JOHANNESBURG — “A man who takes away another man’s freedom is a prisoner of hatred, he is locked behind the bars of prejudice and narrow mindedness. I am not truly free if I am taking away someone else’s freedom, just as surely as I am not free when my freedom is taken from me.”
Nelson Mandela — whose centenary was celebrated July 18 — wrote these words in his autobiography in 1994. But they are just as applicable to the world today as they were to the world that Mandela traversed before, during, and after his 27 years as a political prisoner in apartheid-era South Africa.
While watching the celebrations of Mandela’s life in Johannesburg, I wondered what he would think about the state of affairs today in my country, the United States. Despite many differences between Mandela’s South Africa and the United States today, the similarities are striking: brutal police assaults on black and brown bodies, legalized discrimination, pervasive propaganda, communities separated by walls — real and imagined, electoral disenfranchisement and entrenched economic inequality along racial and ethnic lines.
What might Mandela think about the assault on democracy in the United States? Would he propose a multi-racial movement for democracy as he led in South Africa? Would he propose reaching across “enemy” lines as he did throughout his own lifetime? And what would he say to people losing hope in the face of intolerance, hate and violence?
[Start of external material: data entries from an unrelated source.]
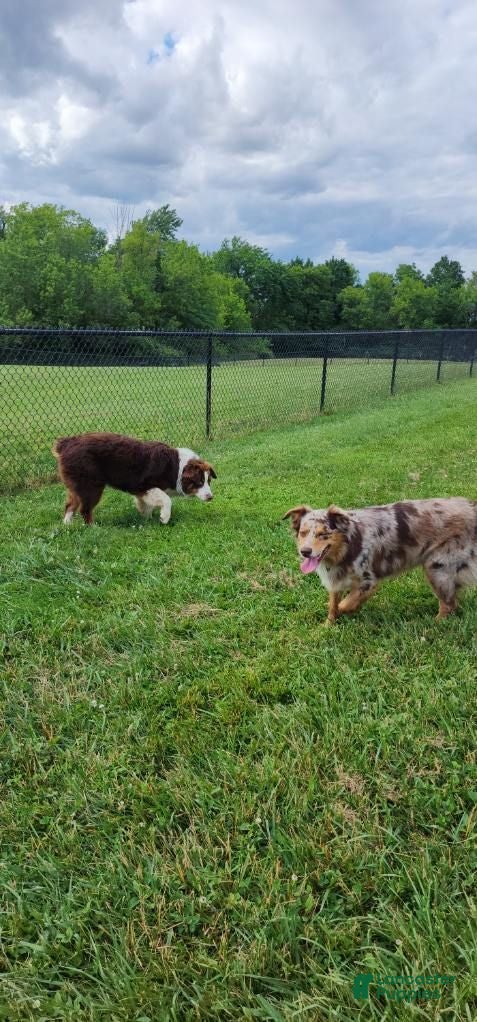 Australian Shepherd dogs Australian Shepherd 6 - Ad 2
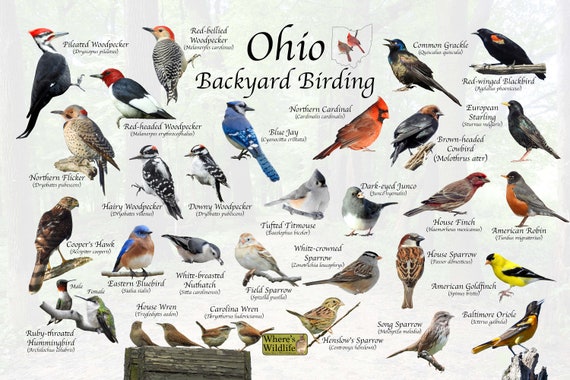 Birds of Ohio Backyard Birding Identification Picture Print/ - Etsy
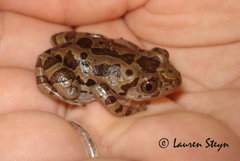 Hylambates maculatus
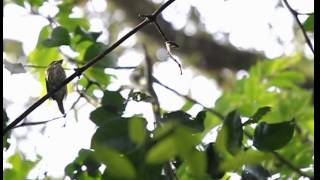 African Broadbill display [upl. by Alodi952]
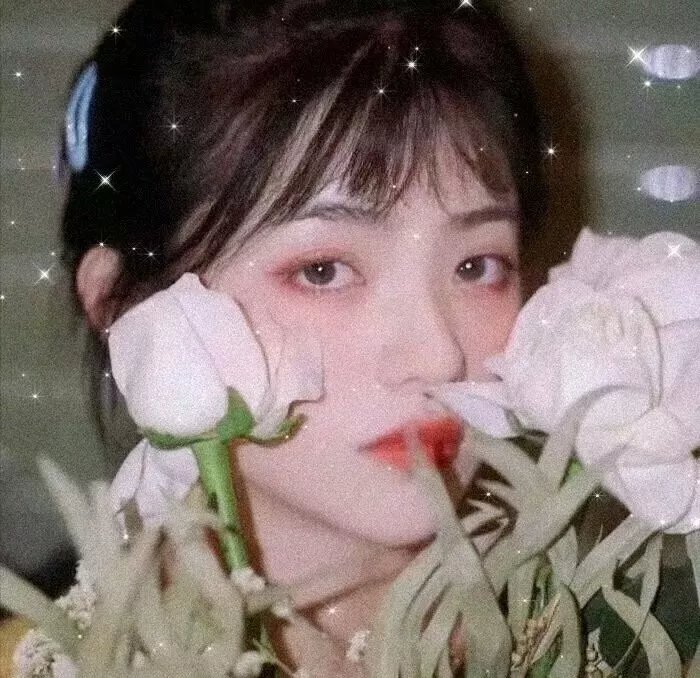 午夜先生小心怪物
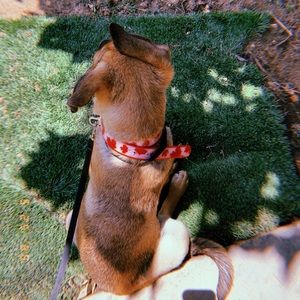 Meet your Posher, Natalia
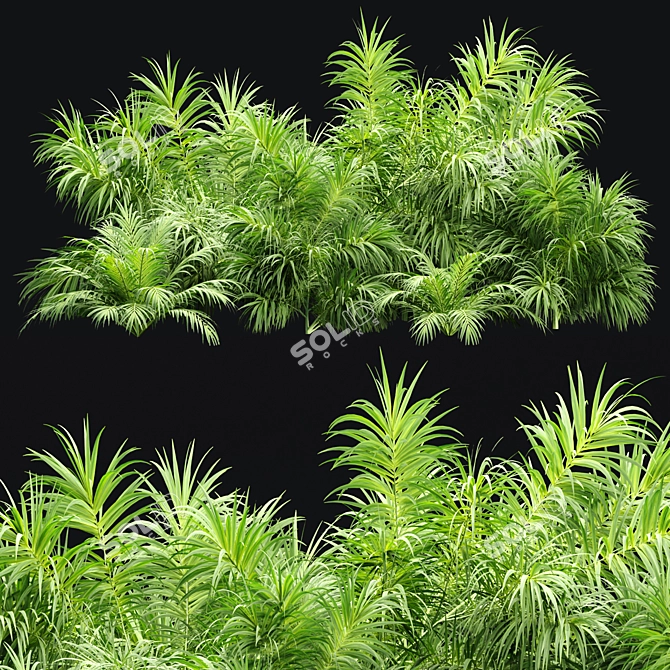 PBR Plants Textures Collection Bundle 3D model image 6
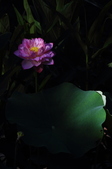 Enlarge photo 128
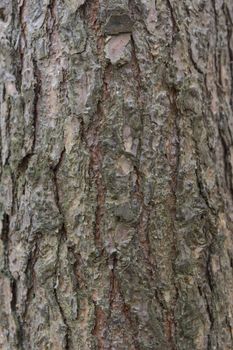 The bark of pine tree, background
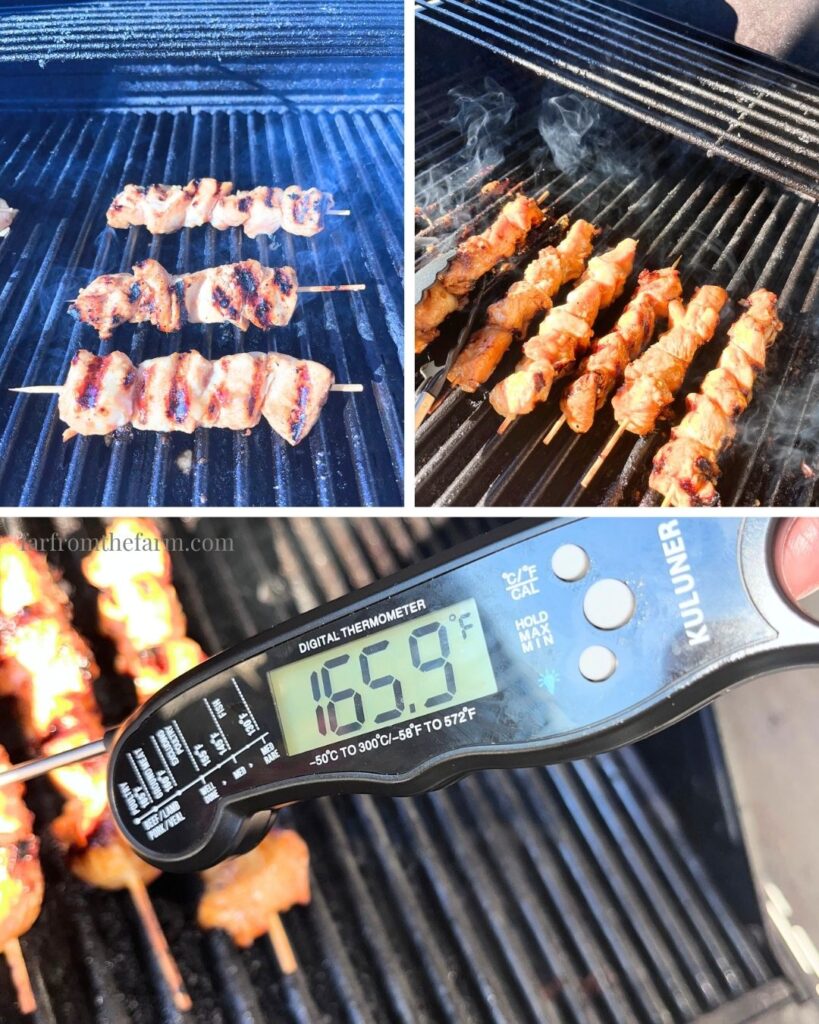 Easy Japanese Yakitori Chicken Skewers Recipe!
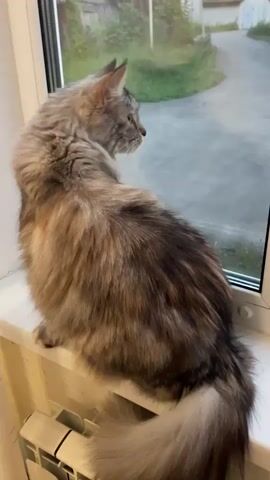 The video opens with a close-up of a long-haired cat sitting on a windowsill, looking out a window. The cat is predominantly grey and brown with some darker stripes and a bushy tail. Beyond the cat, the window reveals an outdoor scene. The camera then pans to the right, showing a close-up of the window frame and a glimpse of the blurry outdoor environment. The scene outside the window appears to be a rural or semi-rural area with a road, grass, trees, and some simple buildings or structures. The video continues to pan and zoom out, showing more of the outdoor environment. There are a few small buildings, some trees and vegetation, and a road or pathway. The sky above is visible, and it appears to be twilight or dusk, with a colorful sunset featuring pink and orange hues. The overall environment seems to be a quiet, possibly rural setting.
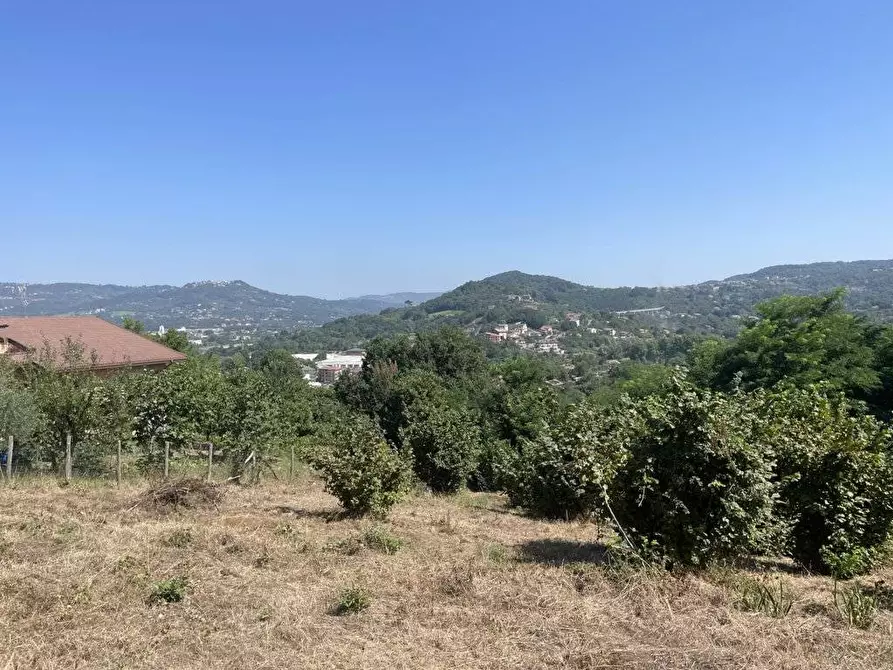 Immagine 6 di Terreno agricolo in vendita  in Contrada Castello a Atripalda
Unlike most pro-democracy movements of its time, the African National Congress that Mandela led for many years was committed to the idea of a multi-racial society as a matter of principle and strategy. They included sympathetic allies of all races and religions in the movement and all people in their vision for the future. This vision was radical and unique relative to liberation movements of its time and it helped to prevent government and activist violence from leading to civil war, and to create a democracy — albeit flawed — with one of the world’s most inclusive constitutions.
Today in the United States, it is easier to include all people of all races, ethnicities and socio-economic classes in a vision of the future than it is to include them in our day-to-day political organizing, electoral mobilizing and public narratives.
Mandela, however, would have reminded us that we are all impoverished until we recognize everyone’s humanity. Recognizing the humanity of those we most vociferously disagree with is not only a matter of principle, it is a powerful strategy to say that even our “enemies” have a place in society. When we don’t explicitly leave the door open to marginalized white communities, for example, then they’re right when they say they have no place in our United States.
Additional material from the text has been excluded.